In the early hours a Finnish-born Swede, Ludde Ingvall, skippered a French- built 80-footer, Nicorette, designed in America by the New Zealander Bruce Farr, and crewed by 14 more united nationals, including three women, to a record. He sliced 14 hours and 38 minutes off the time of 12 days, four hours and one minute set in 1905 by the 185ft schooner Atlantic, to set a new time of 11 days 13 hours and 22 minutes.

There is a faster time, achieved by the Frenchman Serge Madoc, of six days, 13 hours and three minutes, but that was in a 75ft catamaran. And two monohulls claim faster times, but the 244ft four-masted Phocea is mechanised and Dennis Conner's Whitbread 60 Winston did not have official timers to ratify a time 20 hours better than Atlantic's.

That had been set because a millionaire called Wilson Marshall decided to try to win a $5,000 gold cup put up by the Kaiser Wilhelm II, who was building his own yacht, Meteor, for the Atlantic race he sponsored. The cup was later found to be pewter with gold plate.

Marshall gave the Scottish-born America's-Cup winner Charlie Barr the job of skippering his toy, a decision he came to regret when Barr piled on more sail to take advantage of a big Atlantic low and drive the boat as hard as he could. Marshall complained. Barr, five feet tall and notoriously belligerent, locked him in his cabin.

Ingvall, a former Whitbread Race skipper, is much more genial but a determined competitor. He also had the benefit of satellite weather scans and routing experts faxing interpretations to the yacht.

He waited for the right sequence of weather systems. And, for the first three days, he was flying along, covering 1,000 of the 3,005 miles and on schedule for a nine-day crossing.
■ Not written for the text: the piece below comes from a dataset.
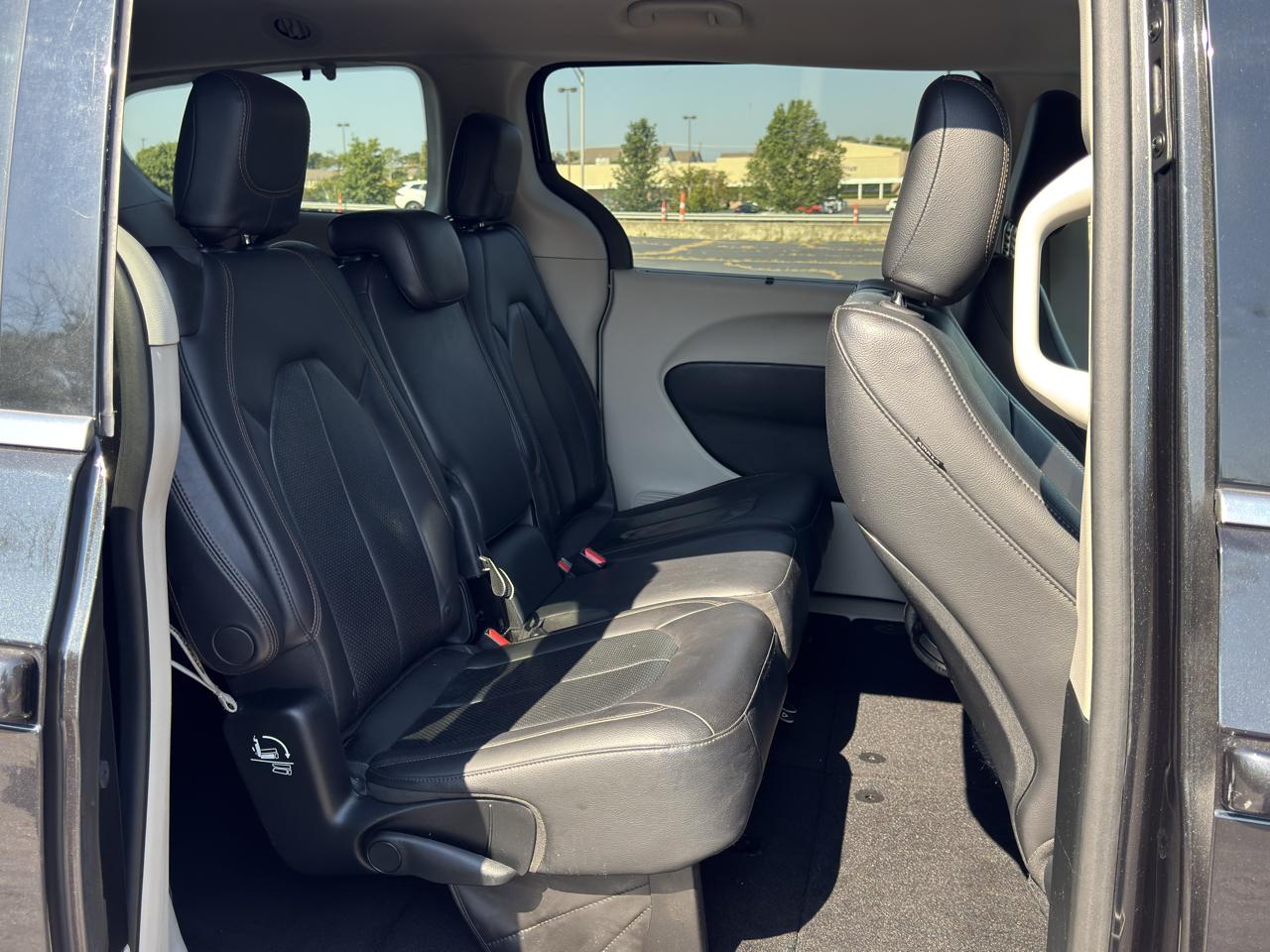 Chrysler Pacifica  2018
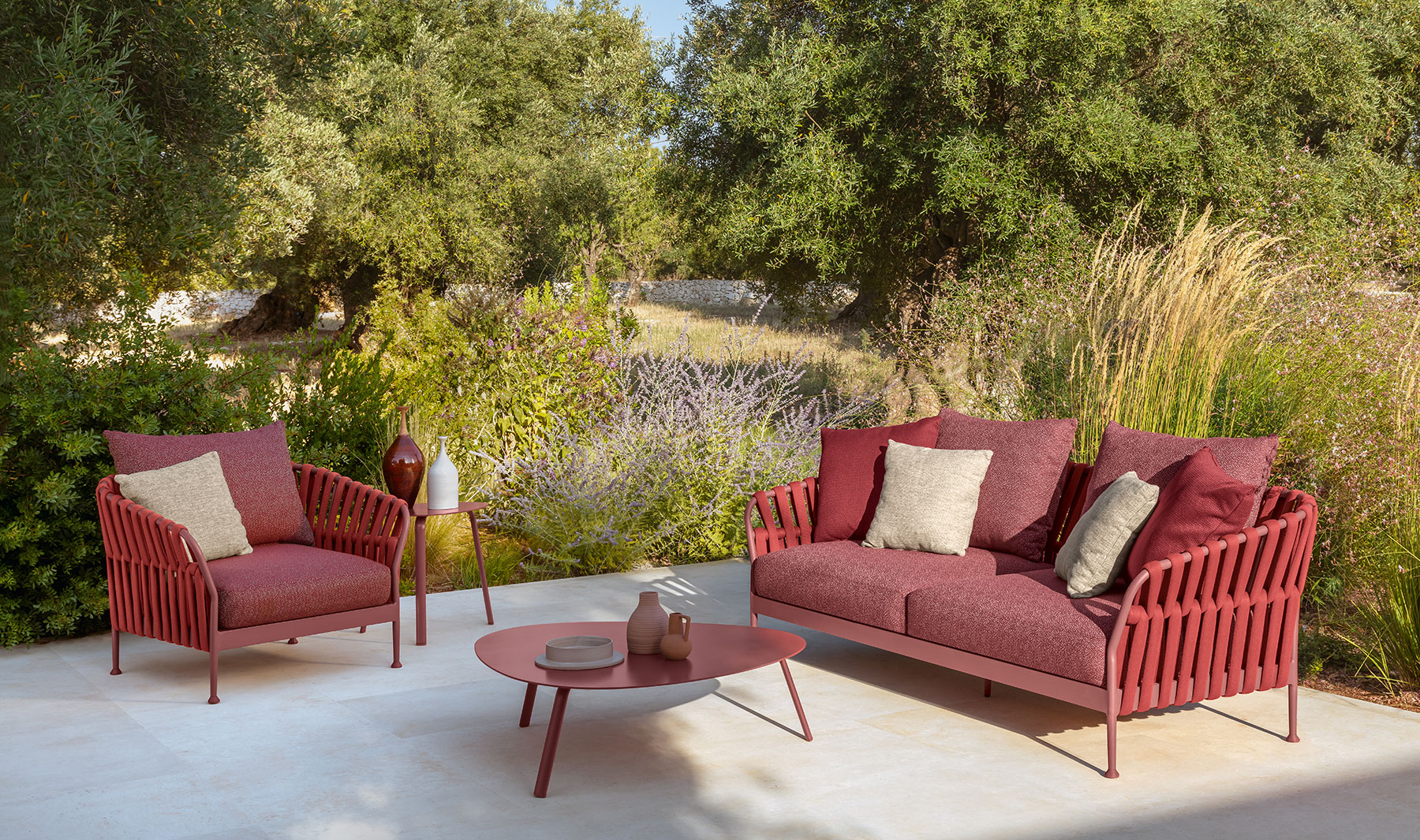 https://www.italydreamdesign.com/wp-content/uploads/Fabric-salotto-da-esterno-rosso-salon-de-jardin-rouge-design-red-outdoor-sofa-and-armchair.jpg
But Murphy's Law intervened, and the high pressure which has dominated European weather for the past week produced lighter winds. "When you have lots of wind it's tough, exhilarating, and you are scared all at the same time," said Ingvall yesterday.

"But when you run out of wind, that's the worst ... I'm sure old Charlie was up there trying to pull the strings and stop us."

Ingvall will captain Nicorette in the Round Europe Race in June and then comes to Britain to defend his hold on the 16 Fastnet trophies which he won in Nicorette in 1995.